In the account of his earliest sexual adventures, Brusselmans goes completely overboard, which, if we are to believe the author, and therefore we should not begin already before he was fourteen. Every time Herman asks a girl after the act if she can blow out the flame of his lighter with her cunt. If the blowout fails, she can also brush his nose with her labia. Or he blows out the flame himself. “I held the still-burning lighter away from my ass, farting like a hurricane, but instead of extinguishing the flame, there was a flash of flame that set Marloes pubic hair on fire.”
As Tea 77 progresses, it becomes more disturbing. You long not only to cry with laughter – and I did – but also to cry with tears. Or both at the same time. Brusselmans goes in search of the dark sources of his existence, of the experiences from his youth that shaped him. He looks the monster of his fear in the eyes and makes the experiences that have plagued him moan and talk.
He writes about the daily beatings he received from his father, how his father beat his mother – which only stopped when Herman and his brother hit back hard – and about the animal suffering. The removal of the cows and calves in the yard, the hasty slaughter of the beloved bull, Little Joe, by hitting it in the brain with a hammer and then slitting its throat with a butcher knife.
Folly in the genes
Ultimately leads Tea 77 to the scripture itself. The dreams of a career as a drummer and football player are shattered, and his life takes on meaning and significance almost in passing when, as a student in Ghent, Herman begins to write stories, ‘absurd fools, nonsense that I liked’. ‘Writing?’ says his father. ‘Also that? Be careful not to go crazy. Many artists are crazy as a back door.’
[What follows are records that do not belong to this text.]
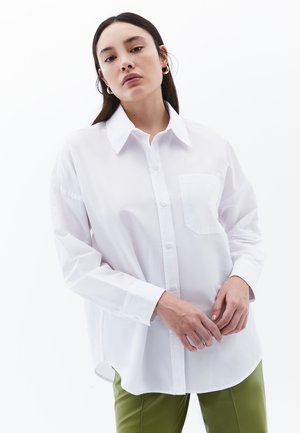 Camicia bianca con bottoni, colletto, maniche lunghe e una tasca sul petto; realizzata in un tessuto liscio; indossata con pantaloni verdi.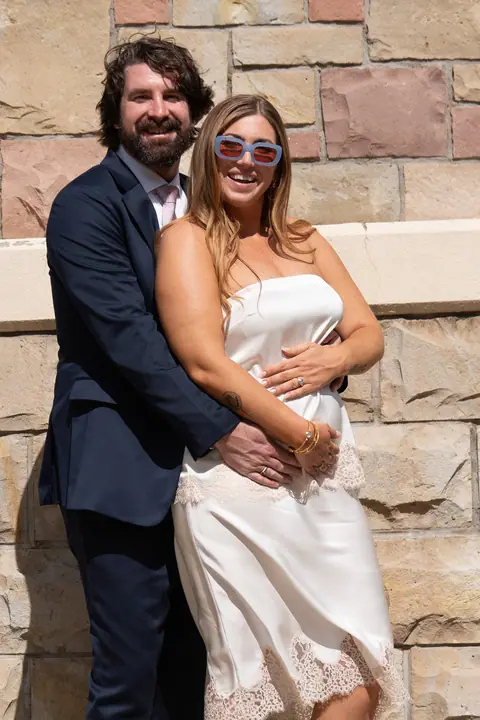 A joyful couple embracing in front of a stone wall, the bride in a white dress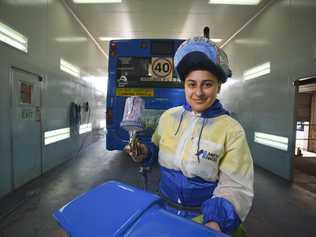 MOTORING ON: Apprentice bus painter Dimitria Klokas enjoys the challenge of difficult repairs. Picture: Dominic O'Brien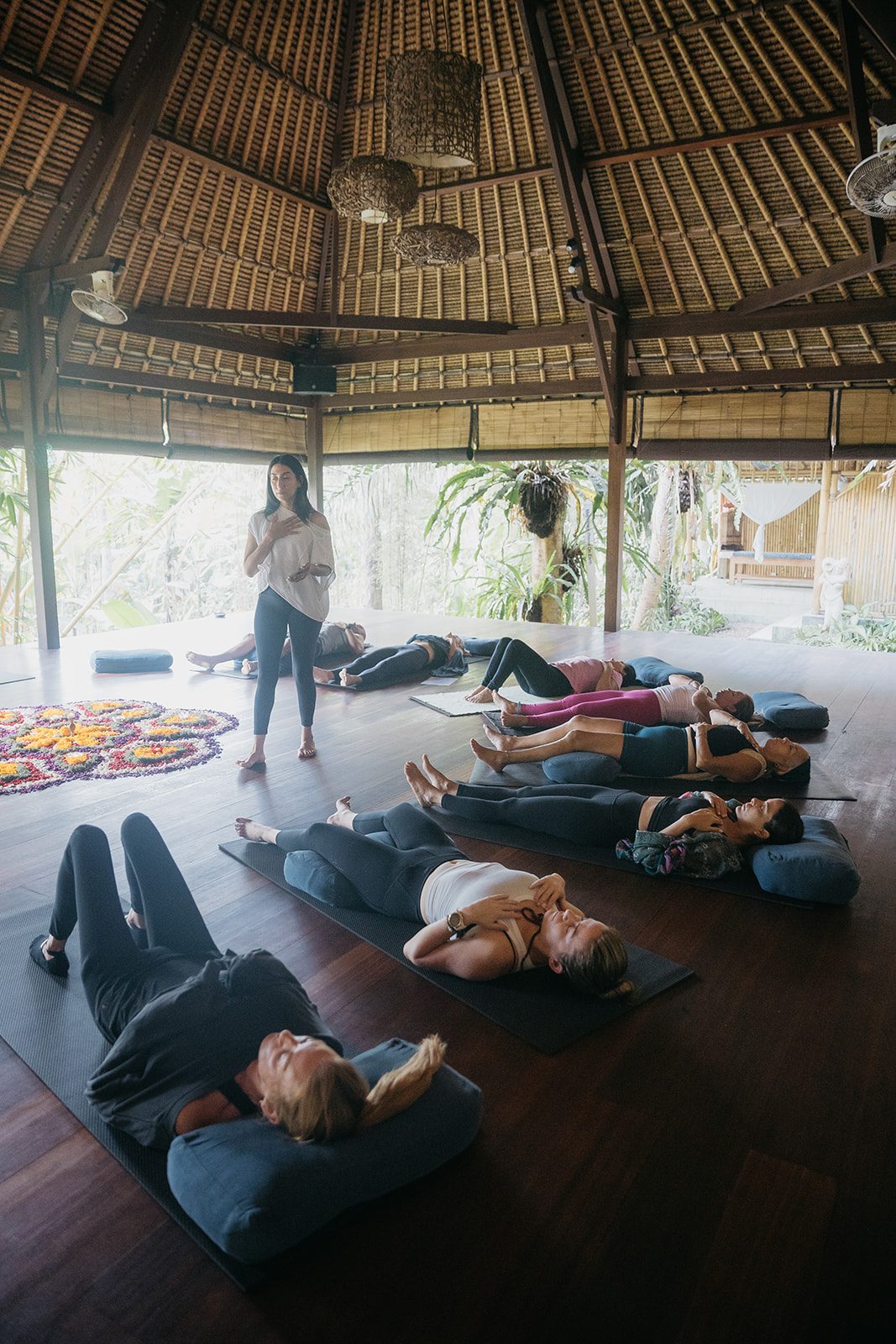 Irene del Valle leading a group meditation in a bamboo pavilion at a Bali retreat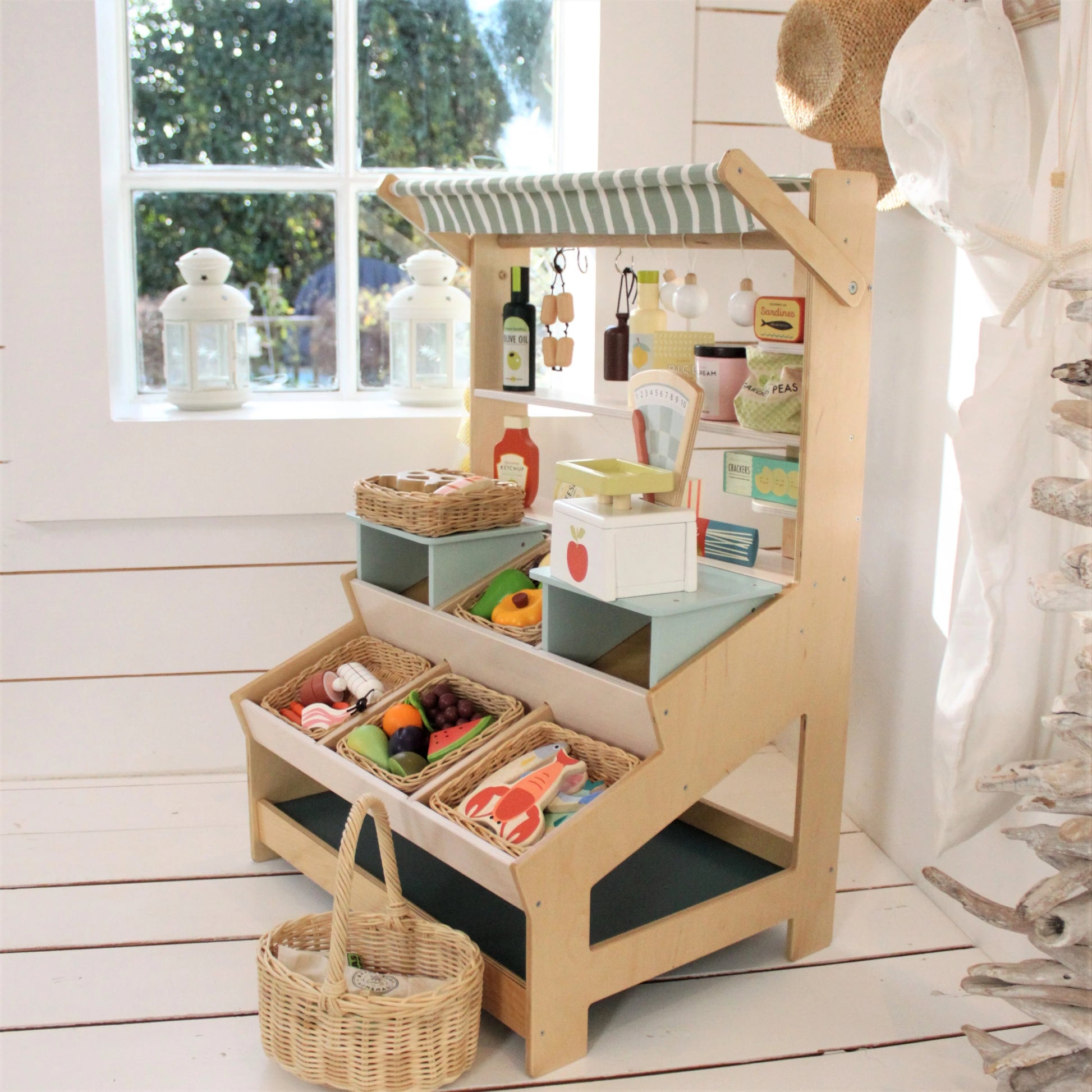 Children's play kitchen set with various toys and items on a wooden floor.
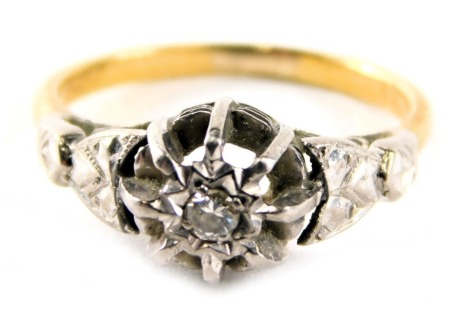 A diamond solitaire dress ring, with tiny diamond in star setting, with arched claws and Art Deco style shoulders, set in white gold on a yellow gold band, ring size L½, marked 18ct plat, 3g all in.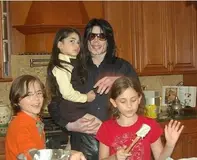 Michael, Paris, Prince, and Bigi in the mansion's kitchen (2008)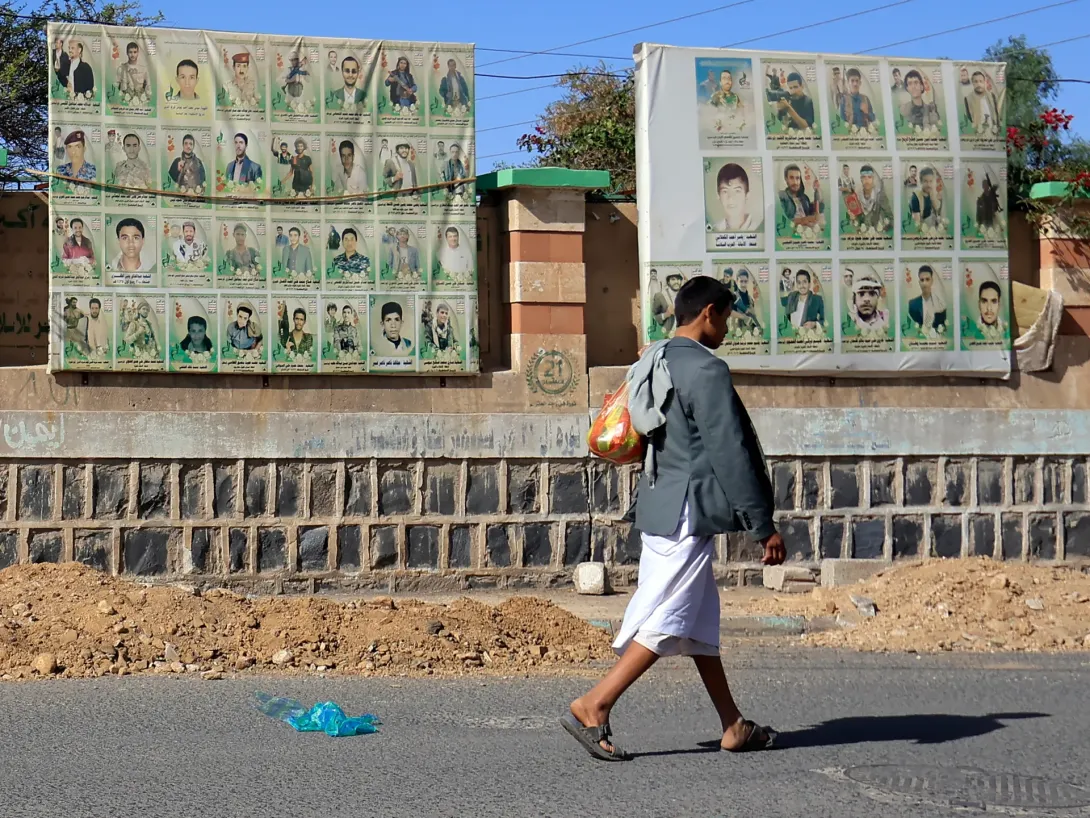 Editorial photograph illustrating Saudi brands Houthi airport strikes war crimes; US warns on aviation safety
The madness is in his own genes. Like his grandfather Frans, Herman couldn’t help but make fun of people at a young age. His mother Leah tells him: ‘It’s a dangerous game you play with other people, stop it as soon as possible or you will suffer the consequences. People will distrust you. They will think: he says this, but means it. They will think: he will tear us away. And they will avoid your company. You will be a lonely man.’
Herman knew his mother was right. But he couldn’t help but fab, go too far. talk about. Writing. “Life had to be turned upside down. Life should have meaning. I knew with three quarters of an hour certainty that it would not happen. As I said goodnight to my mother, I thought that I wish I could help you and myself. She smiled, with that smile where sorrow does not go unnoticed.’
With that smile on my face I hit Tea 77 closed.
Herman Brusselmans, Tea 77Prometheus, 424 pp., 25 euros.